Mounted in the middle of the NSX, the twin-turbo, hand-assembled 3.5-liter V6 gasoline engine generates a whopping 500 horsepower at 6500-7500 rpm, and 406 pound-feet of torque at 2000-6000 rpm. Combined output, working with a trio of electric motors, is 573 horsepower. Two of the electric motors drive the left and right front wheels, independently, whereas the third (at the rear) serves as a Direct Drive motor-generator. A nine-speed dual-clutch transmission sends all that energy to all four wheels, via Acura’s Sport Hybrid Super Handling All-Wheel Drive (SH-AWD).
A lithium-ion battery pack is mounted ahead of the engine. The NSX body uses carbon fiber, aluminum and steel, as well as a considerable amount of aluminum in the chassis.

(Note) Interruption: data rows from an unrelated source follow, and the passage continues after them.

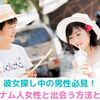 ベトナム人女性との結婚までの過程を紹介！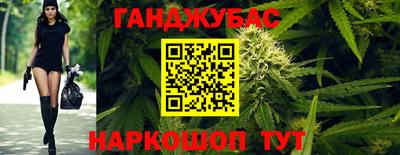Альфа ПВП Наро-Фоминск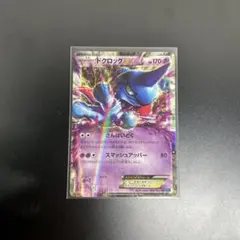 ドクロッグEX RR XY2 ワイルドブレイズ 036/080のサムネイル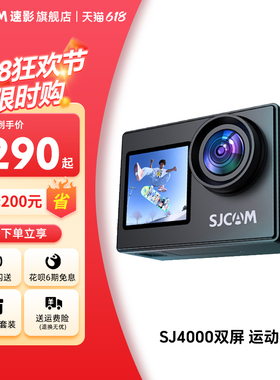 SJCAM速影SJ4000运动相机双屏4K高清摩托车骑行记录仪头盔新品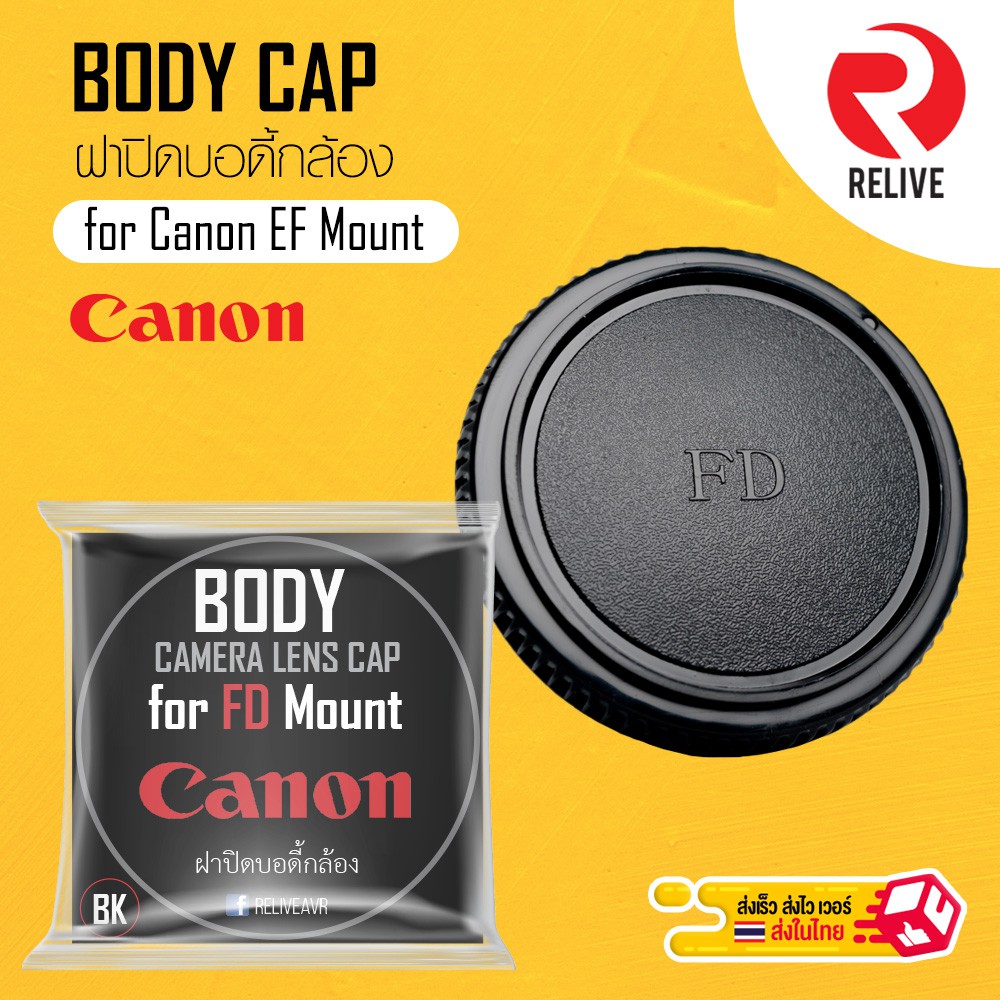 ภาพสินค้าฝาปิดบอดี้กล้อง & ท้ายเลนส์ Canon FD Mount  Body & Rear Lens Cap จากร้าน vissavat บน Shopee ภาพที่ 1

Weighing just over 3,803 pounds, the NSX has 42/58 (front/rear) weight distribution. The driver can choose from four selectable modes: Quiet, Sport, Sport+ or Track.
High-performance summer tires are standard: 19-inch front and 20-inch rear. Ultimate-handling performance tires are optional.

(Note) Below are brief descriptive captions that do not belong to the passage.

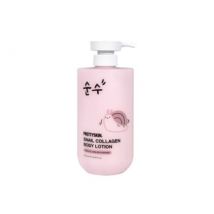 Pretty skin - Body Lotion - 2 Types Snail Collagen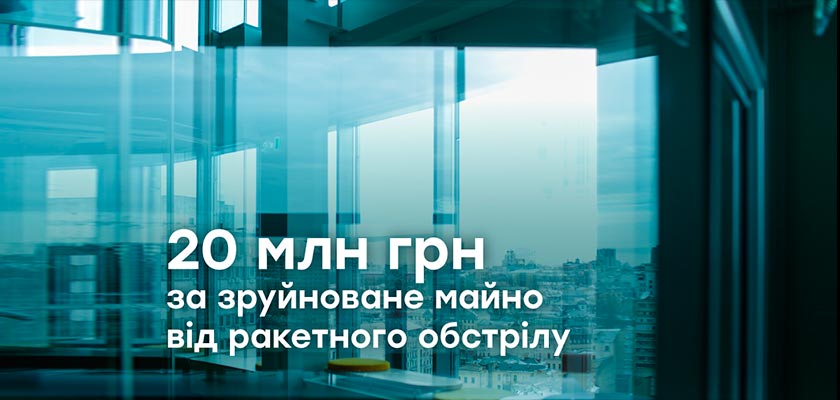 ARX ��������� 20 ��� ��� �� ���������� ����� �����-������ �� ��������� ������� � ���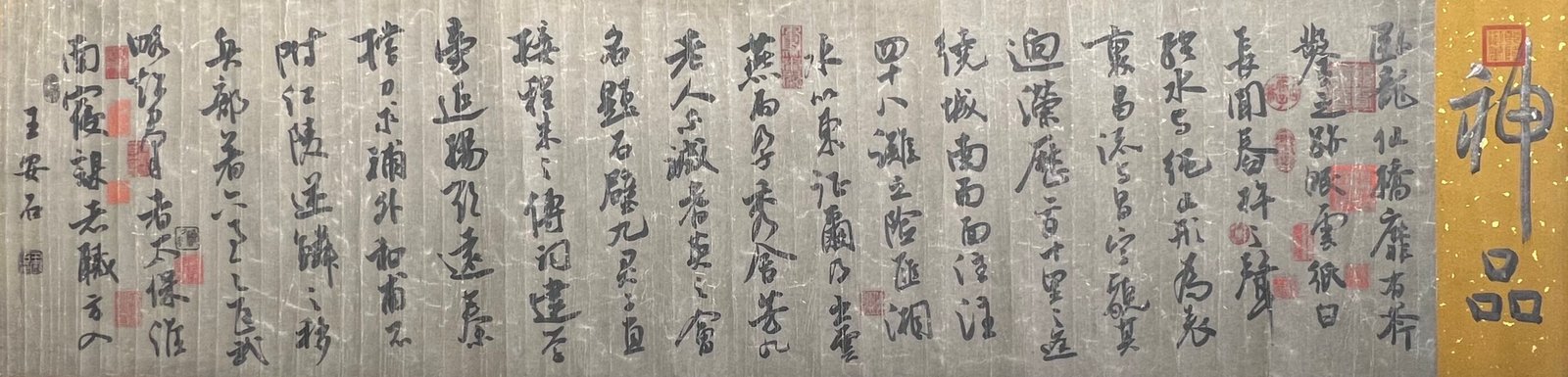 Chinese scroll painting Wang Anshi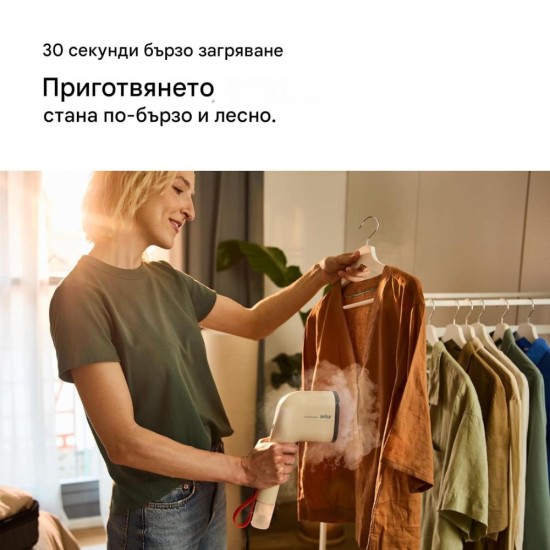 Уред за Гладене с Пара Braun QuickStyle 3 GS3012BG, 1100 W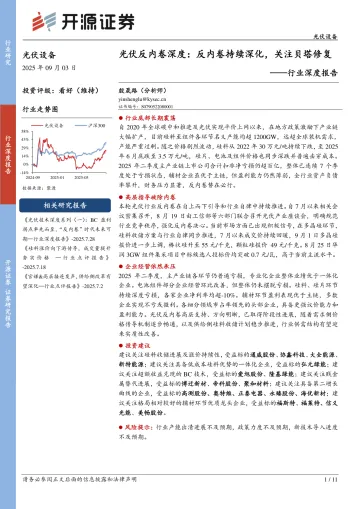 光伏设备行业深度报告:光伏反内卷深度:反内卷持续深化,关注贝塔修复-开源证券 听光Vic_1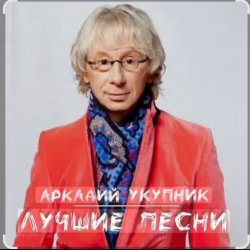 Pochette Аркадий Укупник - Грустный дождь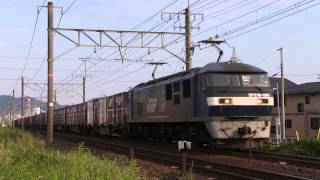 3075レ　EF210-133号機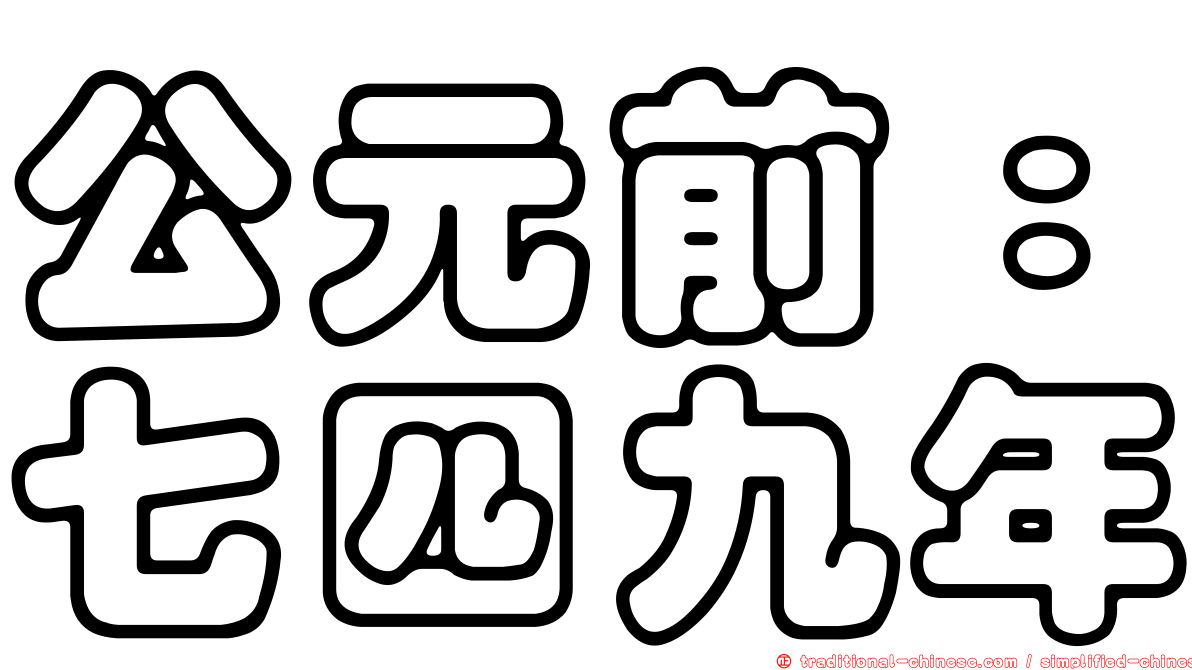 公元前：七四九年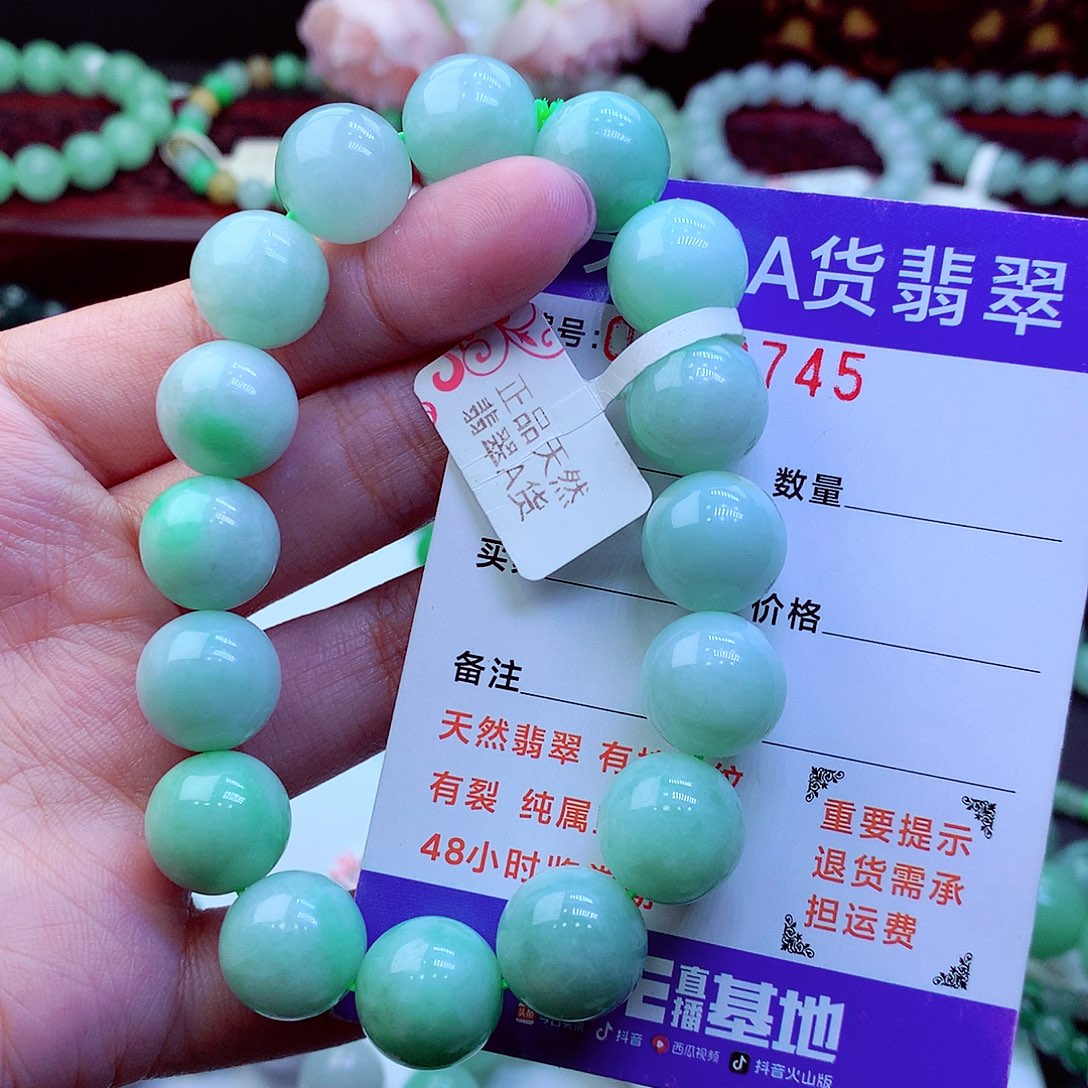 雪***涯翡翠未镶嵌毛衣链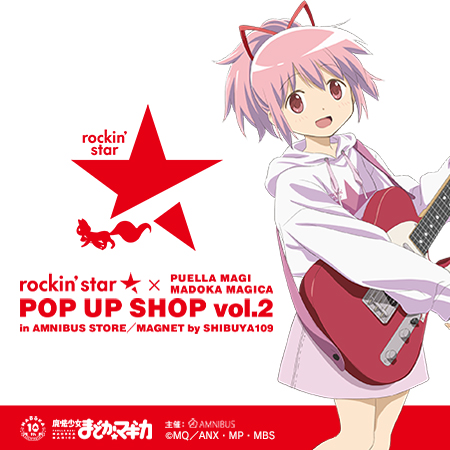 rockin’star×魔法少女まどか☆マギカ 第2弾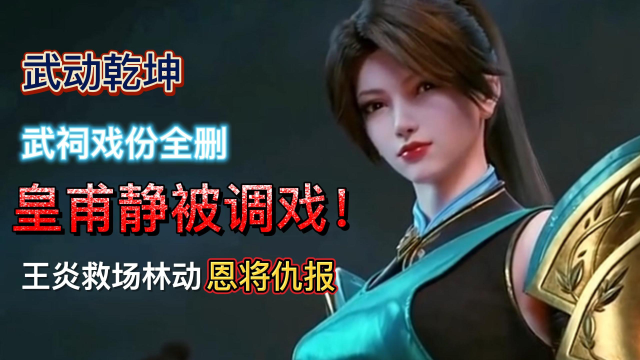 武动乾坤王炎救场林动恩将仇报皇甫静被调戏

Acura describes the NSX instrumentation as “intuitive,” set into a simple control layout. The center console is designed to minimize distractions.
Seats promise lateral and fore/aft support suitable for a supercar, with torso and side bolstering appropriate for a “high-limit” vehicle. Upholstery blends leather and Alcantara.

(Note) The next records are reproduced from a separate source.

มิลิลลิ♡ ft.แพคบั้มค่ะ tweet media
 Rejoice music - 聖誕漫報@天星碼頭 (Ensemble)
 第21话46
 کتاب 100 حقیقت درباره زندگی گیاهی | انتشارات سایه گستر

A single trim level is offered, priced at $157,800 (including the $1,800 destination charge).
If the amount of carbon fiber in the standard NSX doesn’t seem sufficient, you can specify more. Options include a carbon fiber body package for $9,000; a carbon fiber roof ($6,000); carbon fiber engine cover ($3,600) and carbon fiber interior package ($2,900). Semi-aniline full leather seating adds $2,500, while an Alcantara headliner costs $1,300 extra.
Initial examples of the NSX have been fitted with upgraded carbon-ceramic brakes, adding $9,900 or $10,600 to the starting price. If you request all the factory options, the total cost could escalate past $205,000.
Logical competitors to the new-generation NSX include the Audi R8, BMW i8, Lamborghini Huracan and far more costly Aventador; and the coming-soon Ford GT.
Few would imagine that such a striking supercar has a hybrid powertrain, but technology has moved well ahead since the original NSX. Largely because of its price—well into six figures—the 2017 NSX inevitably has a limited appeal. For those who can afford the tariff, and especially enthusiasts who fondly remember the original NSX, driving home a modern-day rendition may well prove irresistible. Just don’t go overboard with all those option possibilities.